Let us recall what a score value is: There is one score value for each observation (row) in the data set, so there are \(n\) score values for the first component, another \(n\) score values for the second component, and so on. The score value for an observation is the point where that observation projects onto the direction vector for say the first component. Or in vector terminology it is the distance from the origin, along the direction (loading vector) of the first component, up to the point where that observation projects onto the direction vector.
An important point with PCA is that because the matrix \(\mathbf P\) is orthonormal, any relationships that were present in \(\mathbf X\) are still present in \(\mathbf Z\). Thus score plots allow us to rapidly locate similar observations, clusters, outliers and time-based patterns (Dunn 2016).
The first two score vectors, \(\mathbf Z_1\) and \(\mathbf Z_2\), explain the greatest variation in the data, hence we usually start by looking at the \(\{\mathbf Z_1, \mathbf Z_2\}\) scatter plot of the scores.
# load data from previous sections
load(url("https://userpage.fu-berlin.de/soga/300/30100_data_sets/pca_food_30300.RData"))
food.pca.eigen <- eigen(cov(food.pca))
pca.loading <- food.pca.eigen$vectors[,1:2] # select the first two principal components
pca.scores <- food.pca %*% pca.loading
rownames(pca.scores) <- seq(1, nrow(pca.scores))
# Plot the scores
plot(pca.scores,
xlab = expression('Z'[1]),
ylab = expression('Z'[2]),
main = 'Score plot')
abline(h = 0, col = "blue")
abline(v = 0, col = "green")
# Plot the scores as points
text(pca.scores[,1]+0.2,
pca.scores[,2],
rownames(pca.scores),
col="blue", cex=0.6)
Points close the average appear at the origin of the score plot. An observation that is at the mean value for all \(k\)-variables will have a score vector \(Z_i = [0, 0,... , 0]\).
Scores further out are either outliers or naturally extreme observations.
Original observations in \(\mathbf X\) that are similar to each other will be similar in the score plot, while observations much further apart are dissimilar.
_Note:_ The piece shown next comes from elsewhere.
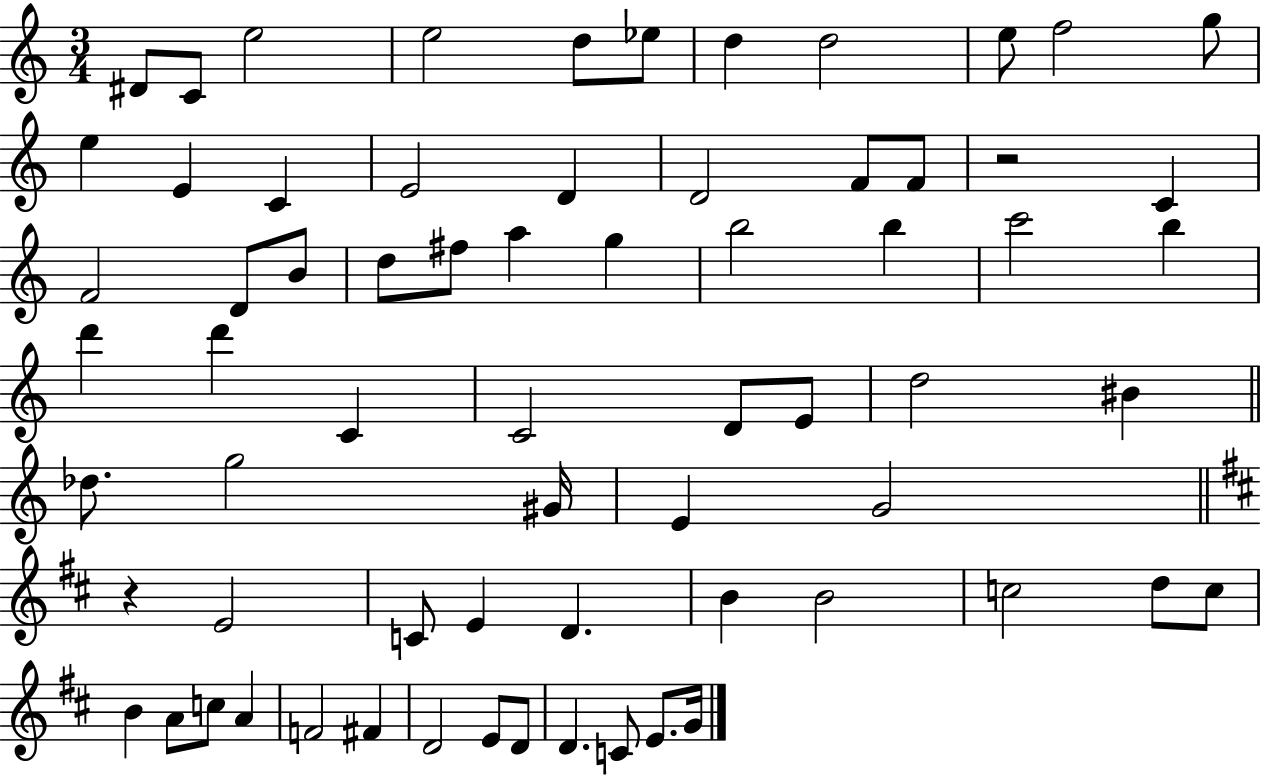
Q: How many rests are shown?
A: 2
It is much easier to detect this similarity in an \(k\)-dimensional space than the original \(d\)-dimensional space, when \(d \gg k\).
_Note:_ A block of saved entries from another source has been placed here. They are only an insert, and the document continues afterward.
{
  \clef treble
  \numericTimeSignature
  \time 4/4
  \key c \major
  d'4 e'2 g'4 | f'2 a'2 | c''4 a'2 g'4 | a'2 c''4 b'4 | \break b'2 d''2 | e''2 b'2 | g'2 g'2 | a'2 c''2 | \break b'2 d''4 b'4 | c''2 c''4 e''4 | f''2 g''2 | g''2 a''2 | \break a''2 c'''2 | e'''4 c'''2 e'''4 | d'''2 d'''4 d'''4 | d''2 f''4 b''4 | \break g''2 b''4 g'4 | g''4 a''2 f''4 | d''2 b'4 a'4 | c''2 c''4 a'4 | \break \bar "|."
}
The loadings plot is a plot of the direction vectors that define the model. They show how the original variables contribute to creating the principal component.
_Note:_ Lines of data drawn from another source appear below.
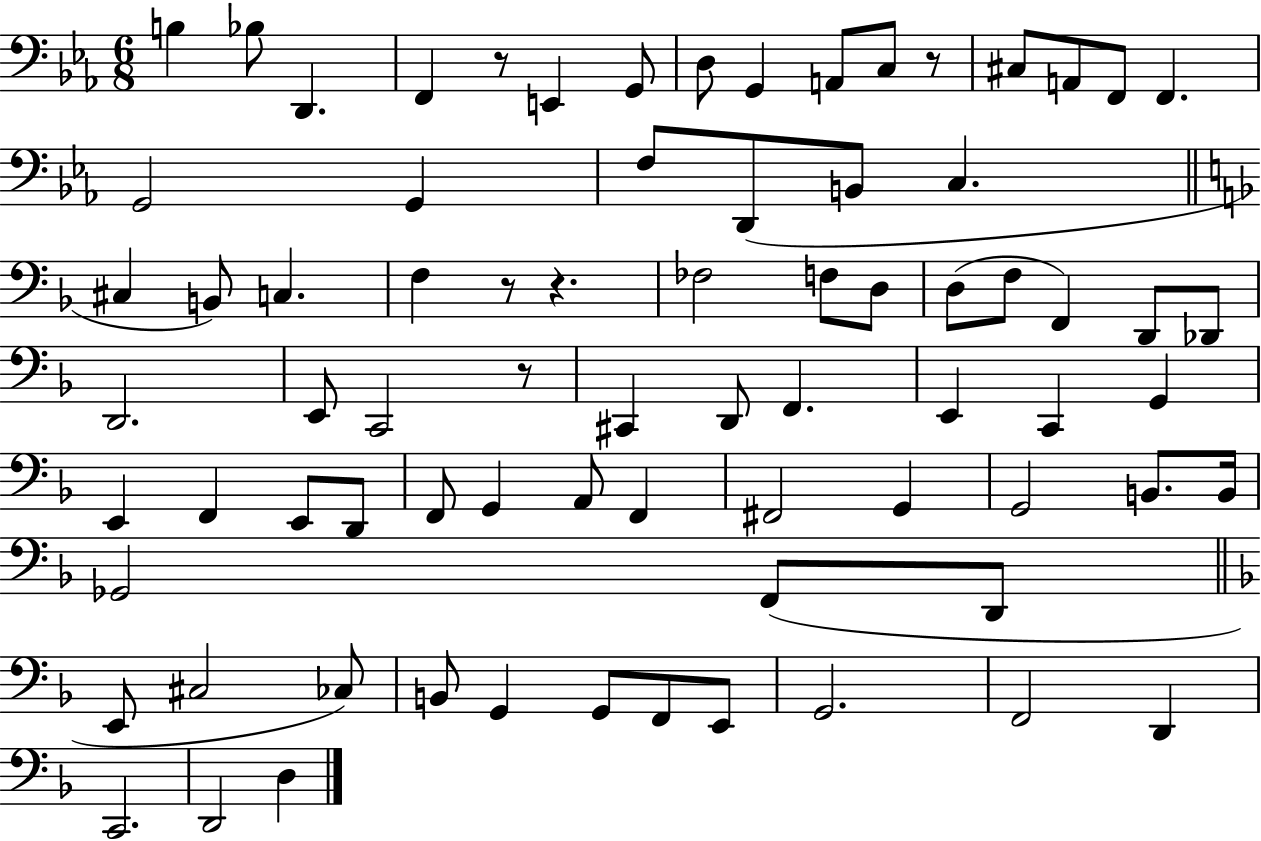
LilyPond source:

{
  \clef bass
  \numericTimeSignature
  \time 6/8
  \key ees \major
  b4 bes8 d,4. | f,4 r8 e,4 g,8 | d8 g,4 a,8 c8 r8 | cis8 a,8 f,8 f,4. | \break g,2 g,4 | f8 d,8( b,8 c4. | \bar "||" \break \key f \major cis4 b,8) c4. | f4 r8 r4. | fes2 f8 d8 | d8( f8 f,4) d,8 des,8 | \break d,2. | e,8 c,2 r8 | cis,4 d,8 f,4. | e,4 c,4 g,4 | \break e,4 f,4 e,8 d,8 | f,8 g,4 a,8 f,4 | fis,2 g,4 | g,2 b,8. b,16 | \break ges,2 f,8( d,8 | \bar "||" \break \key d \minor e,8 cis2 ces8) | b,8 g,4 g,8 f,8 e,8 | g,2. | f,2 d,4 | \break c,2. | d,2 d4 | \bar "|."
}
loading.vector <- food.pca.eigen$vectors
rownames(loading.vector) <- colnames(food.pca)
# Plot the loading vector
plot(loading.vector,
xlab = expression('p'[1]),
ylab = expression('p'[2]),
main = 'Loading plot',
ylim = c(-1,1),
xlim = c(-1,1))
abline(h = 0, col = "blue")
abline(v = 0, col = "green")
# Plot the loadings as points
text(loading.vector[,1]+0.1,
loading.vector[,2]+0.1,
rownames(loading.vector),
col="blue", cex=1.2)
The biplot is a very popular way for visualization of results from PCA, as it combines both the principal component scores and the loading vectors in a single biplot display.
# Correlation BiPlot
pca.sd <- sqrt(food.pca.eigen$values) # standardize to sd = 1
loading.vector <- food.pca.eigen$vectors
rownames(loading.vector) <- colnames(food.pca)
# Plot
plot(pca.scores,
xlab = expression('p'[1]),
ylab = expression('p'[2]))
abline(h = 0, col = "blue")
abline(v = 0, col = "green")
# This is to make the size of the lines more apparent
factor <- 0.5
# Plot the variables as vectors
arrows(0,0,loading.vector[,1]*pca.sd[1]/factor,
loading.vector[,2]*pca.sd[2]/factor,
length = 0.1,
lwd= 2,
angle = 20,
col = "red")
# Plot annotations
text(loading.vector[,1]*pca.sd[1]/factor*1.2,
loading.vector[,2]*pca.sd[2]/factor*1.2,
rownames(loading.vector),
col = "red",
cex = 1.2)
The plot shows the observations as points in the plane formed by two principal components (synthetic variables). Like for any scatterplot we may look for patterns, clusters, and outliers.
In addition to the observations the plot shows the original variables as vectors (arrows). They begin at the origin \([0,0]\) and extend to coordinates given by the loading vector (see loading plot above). These vectors can be interpreted in three ways (Rossiter 2014):
The orientation (direction) of the vector, with respect to the principal component space, in particular, its angle with the principal component axes: the more parallel to a principal component axis is a vector, the more it contributes only to that PC.
The length in the space; the longer the vector, the more variability of this variable is represented by the two displayed principal components; short vectors are thus better represented in other dimension.
The angles between vectors of different variables show their correlation in this space: small angles represent high positive correlation, right angles represent lack of correlation, opposite angles represent high negative correlation.